Googling in the theater.

Remember when Pee Wee Herman got arrested for masturbating in a movie theater? That was long ago. It must have been before home video, because why go to a theater to masturbate? Exposure? The thrill of potential discovery? A need for just the right degree of intimacy with others? Because once pornography is subject only to boring disapproval from bland people, one must look for another way to feel that you're doing something titillatingly wrong?

But today, the transgression is Googling in the theater. Googling, long ago, could have been a slang term for masturbating. (Are you googling again?!) But those days are past. Googling is research, and research in the theater is a subversive activity.

From Professor Meltsner's essay about the play "Arguendo," discussed in the previous post:
[The play] is replete with jargon and enough insider's free expression law that even many lawyers in the audience were grabbing smart phones to do some instant Googling.
Do they Google during the performance or wait until intermission? It happens that I was using my iPhone during intermissions at a play last night. We saw "Rosencrantz and Guildenstern Are Dead" at the American Players Theatre, and since we hadn't taken the opportunity the theatre offers this summer to freshen up our knowledge of "Hamlet," there were passages of "Hamlet" I wanted to read to go along with "Rosencrantz and Guildenstern," which is a play that has 2 minor characters from "Hamlet" dealing with their situation in that larger story that they witness only in fragments.

While others went off to pee or to sip a glass of wine, I stayed put and read. (To be honest, I wasn't doing research on the internet.
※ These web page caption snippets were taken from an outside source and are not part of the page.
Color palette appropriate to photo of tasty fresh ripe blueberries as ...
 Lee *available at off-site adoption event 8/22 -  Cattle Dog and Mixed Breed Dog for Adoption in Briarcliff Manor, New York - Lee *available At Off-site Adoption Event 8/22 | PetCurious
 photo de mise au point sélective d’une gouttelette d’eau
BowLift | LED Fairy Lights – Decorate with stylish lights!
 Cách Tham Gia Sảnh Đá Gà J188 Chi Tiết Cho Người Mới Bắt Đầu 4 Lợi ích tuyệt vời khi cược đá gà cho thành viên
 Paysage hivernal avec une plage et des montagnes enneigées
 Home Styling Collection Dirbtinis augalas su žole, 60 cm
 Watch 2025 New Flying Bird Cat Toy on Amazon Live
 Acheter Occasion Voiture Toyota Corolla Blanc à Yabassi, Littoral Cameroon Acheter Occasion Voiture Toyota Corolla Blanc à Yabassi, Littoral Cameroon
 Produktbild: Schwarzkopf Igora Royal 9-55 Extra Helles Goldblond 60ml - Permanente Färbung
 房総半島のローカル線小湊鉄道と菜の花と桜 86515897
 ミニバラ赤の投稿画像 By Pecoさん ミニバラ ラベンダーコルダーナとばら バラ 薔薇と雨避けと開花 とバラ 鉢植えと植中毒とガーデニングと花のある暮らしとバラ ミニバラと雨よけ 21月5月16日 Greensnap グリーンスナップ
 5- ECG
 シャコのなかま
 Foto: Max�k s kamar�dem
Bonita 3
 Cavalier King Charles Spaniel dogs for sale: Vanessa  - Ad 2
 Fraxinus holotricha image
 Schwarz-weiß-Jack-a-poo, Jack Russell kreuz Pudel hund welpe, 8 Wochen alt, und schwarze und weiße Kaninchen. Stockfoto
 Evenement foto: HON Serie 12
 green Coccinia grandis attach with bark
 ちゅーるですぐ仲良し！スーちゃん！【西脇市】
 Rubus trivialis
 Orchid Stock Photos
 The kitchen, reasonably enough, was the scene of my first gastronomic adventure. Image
Reception was bad where we were in the woods, and I have a Shakespeare app on my iPhone.)

More from Meltsner's essay:
What did I expect from a play based not so much on the story of an important law case but on the particularized verbal event that is a Court argument in such a case? Plainly the Company wasn't interested in turning out teaching materials for those like me who train advocates but, then, Collins was advised by all-star legal journalist Emily Bazelon and law professor and Broadway producer Nicholas Rosenkranz...
There's a name: Rosenkranz. Pure coincidence that I should trip over that this morning. No meaning.

I'm Googling and searching in the text of "Rosencrantz and Guildenstern," looking for "meaning." Literally. I'm searching on the word "meaning" to get some snappy way to bring this post in for a landing.

Aha! Guildenstern is talking about "the meaning of order" and how if we "happened to discover, or even suspect, that our spontaneity was part of their order, we'd know we be lost." He refers to the Chinese philosopher who "dreamed he was a butterfly, and from that moment he was never quite sure that he was not a butterfly dreaming it was a Chinese philosopher." There's a pause and then Rosencrantz jumps up and shouts "Fire!"

Well, that's convenient for bringing this post in for a landing — a joke about a Supreme Court text about shouting fire in a crowded theater. Here, let me Google that for you.

Guildenstern says "Where?" and Rosencrantz says: "It's all right — I'm demonstrating the misuse of free speech. To prove it exists." He looks at us, the audience, and obviously we are sitting there, unreacting, the suspension of disbelief having secured our disbelief in the possibility of a fire. Rosencrantz says: "Not a move. They should burn to death in their shoes."